Hill v Van Erp
[1997] HCA 9
At a glance
Source factsCourt
High Court of Australia
Decision date
1997-03-18
Before
Brennan CJ, Gummow JJ
Source
Original judgment source is linked above.
Judgment (118 paragraphs)
The application of such a principle must also lead to a considerable, perhaps massive, expansion of the law of economic loss. Consider, for example, the case of the accountant who is paid a fee by a client to investigate the prospects of a business knowing that the client intends to purchase the business as a gift for a relative. Does the accountant owe the relative a duty of care? Is the accountant liable for the profits that the relative would have earned if, but for the accountant's negligence in assessing its viability, the business had been purchased? Does the insurance broker who is instructed to take out a life assurance policy for a client owe a duty of care to the proposed beneficiary? Is the broker liable to the beneficiary if, as the result of the broker's undue delay, the "assured" dies before the policy is taken out? Moreover, it is difficult to see why the duty should be confined to gifts as opposed to benefits. In that event, professional persons, acting in purely commercial situations, may often owe duties to third parties who stand to benefit from the retainer of a professional person by a client.

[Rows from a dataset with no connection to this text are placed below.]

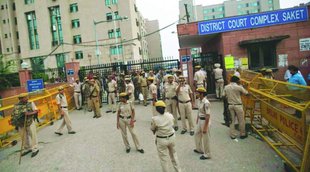 saket court | security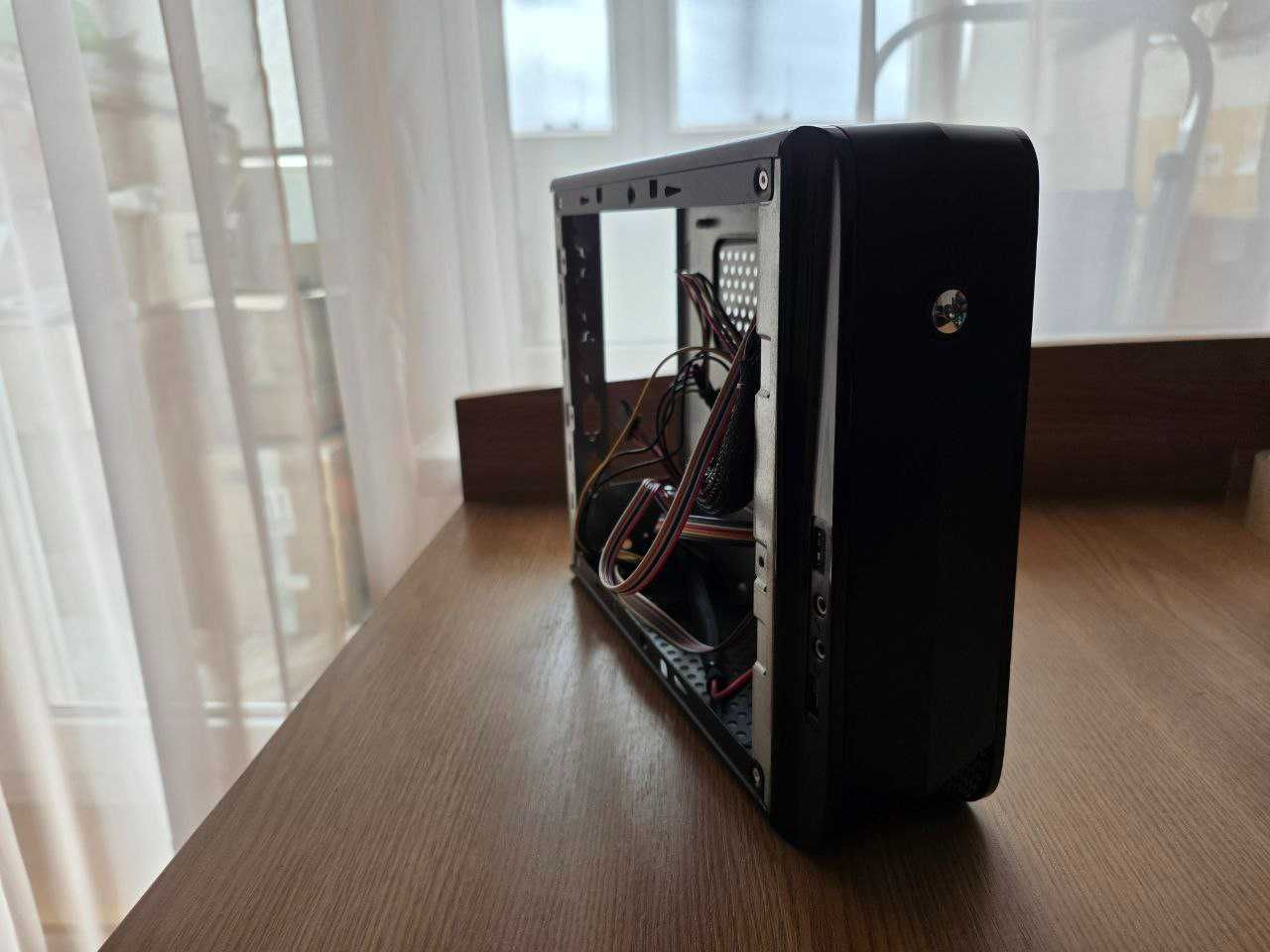 Продам корпус Mini Itx з зовнішнім блоком живлення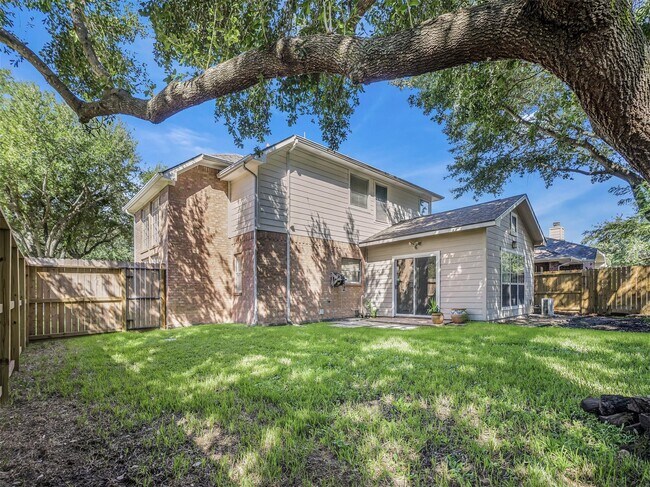 Building Photo - 1827 Senca Springs Ct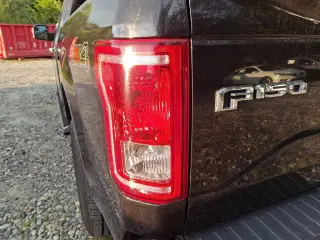 Ford F-150 2015 4x4 XLT 4dr SuperCrew 5.5 ft. SB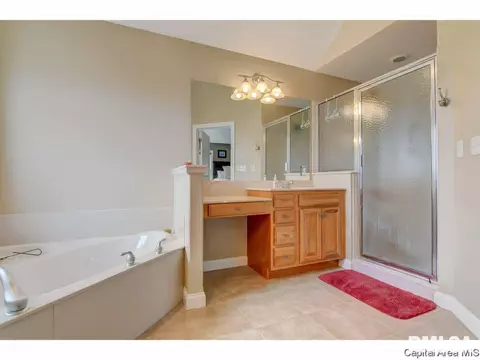 2716 Newcastle, Springfield, IL 62711 photo 18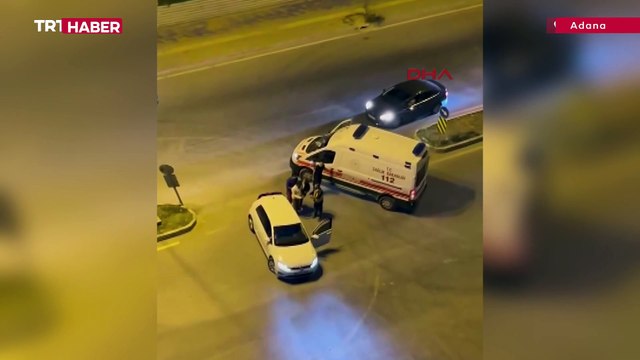 Sürücüsüyle tartıştığı ambulansın camını yumrukladı: O anlar kamerada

To give the beneficiary a remedy in negligence involves too great a departure from accepted doctrine and must inevitably extend the frontiers of legal liability. How far this extension will go in a world where commercial operations are becoming increasingly integrated and sophisticated is impossible to foresee. If change in the law is to be made, it should be done by the legislature which can deal with this special case, perhaps by amending the legislation relating to wills, rather than by extending the law of negligence in a way that departs from its basic doctrines.